Saturday, April 17, 2010

Scenes from trail's past

My time is abbreviated here. I'm staying at a hostel in Erwin, TN, where the AT intersects the Nolichucky River. Since beginning the Smokies with Early Bear my miles have increased substantially: Last night I arrived here at 5 p.m. after an 18-mile hike, on top of a 21-mile hike the day before. I'm planning to head out today, which means chores, chores, chores and hike. To that end I'm going to flash through Standing Bear to Hot Springs in photos...

[Early Bear doing laundry at Standing Bear hostel. The washboard system really tied the place together. We arrived at the hostel late on a Friday night and did our chores in the morning. I cooked up the greasiest sausages and pancakes ever on an iron skillet and gas stove.]

[Sunrise at Max Patch, 392-acre grassy summit of a 4,629-ft mountain. EB and I hiked to the summit late at night and found the summit crowded with hikers cowboy camping, stargazing and waiting for sunrise.]

[People watching the sun come up at Max Patch.]

On our way down from Max Patch, Early Bear abruptly turned around and said why not go all the way to Hot Springs and end his section hike at the Rock Bottom bar and grill? It ended up being my first 20-mile day of this southern trek. We ate most of the appetizers on the menu. The next day Early Bear took me to resupply and then he returned to the real world. 

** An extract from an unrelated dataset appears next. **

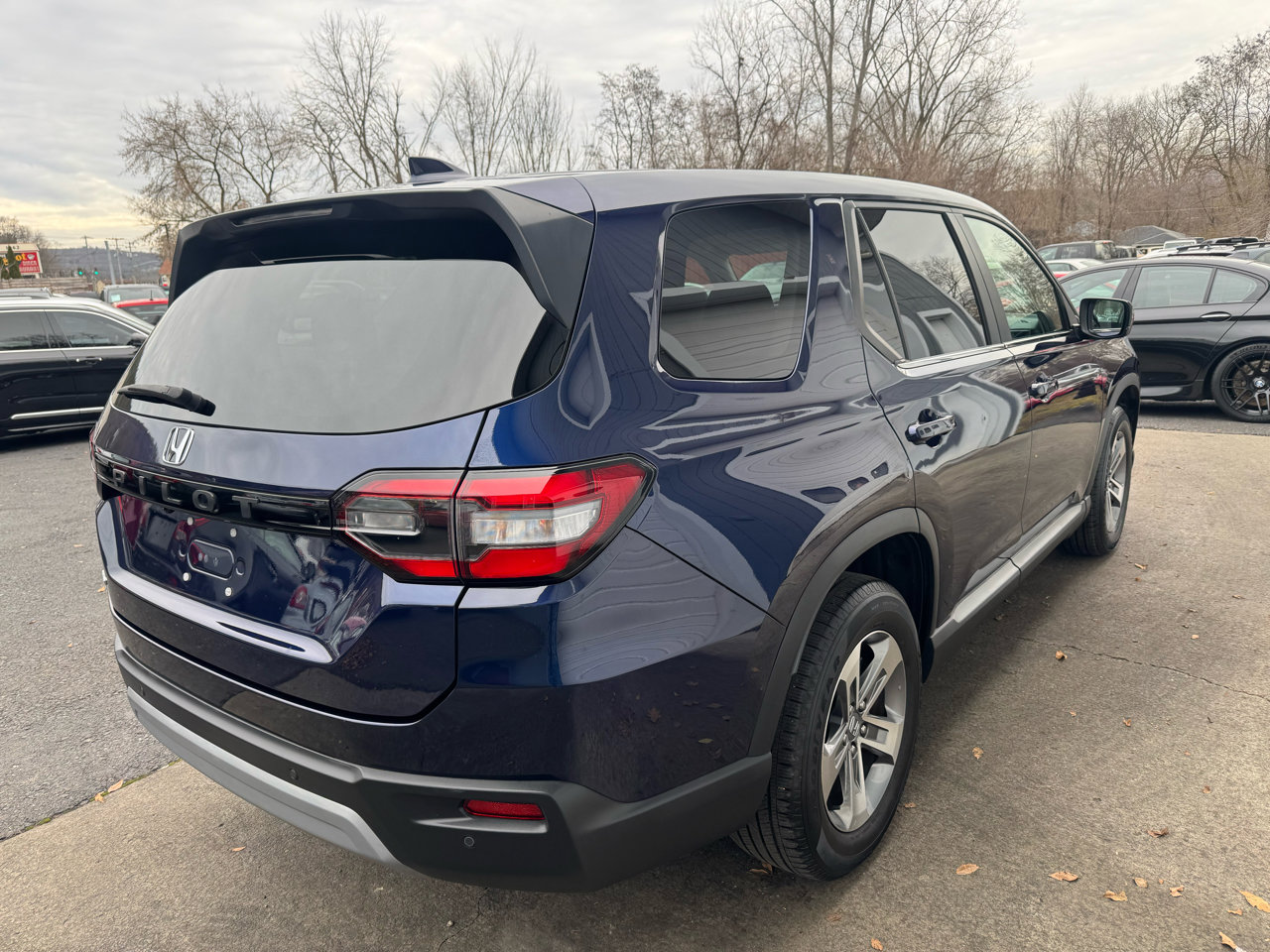 Used 2023 Honda Pilot EX-L image 4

The week of hiking from Fontana to Hot Springs, 108 miles, was very enjoyable. It went fast. Now I'm working to keep that momentum going as I progress north. In fact, I've caught up with all of the people I left behind at Fontana when I went to Asheville.

Nature's gallery

In days most recent the trail immersed me in woods more interesting than I've seen on the trail since probably southern Pennsylvania last June. The shapes and textures of these recent trees beckoned me like pieces in an art museum, standing out twisted and moldy against a canvas of a green forest floor.

Between Spring Mountain Shelter, at 282.8 miles from Springer, and Flint Mountain Shelter, 304.1 miles from Springer, which I hiked Wednesday, and then again between Big Bald and Erwin [yesterday's hike] the trees beckoned me to stop and study them. It's been a transformative walk.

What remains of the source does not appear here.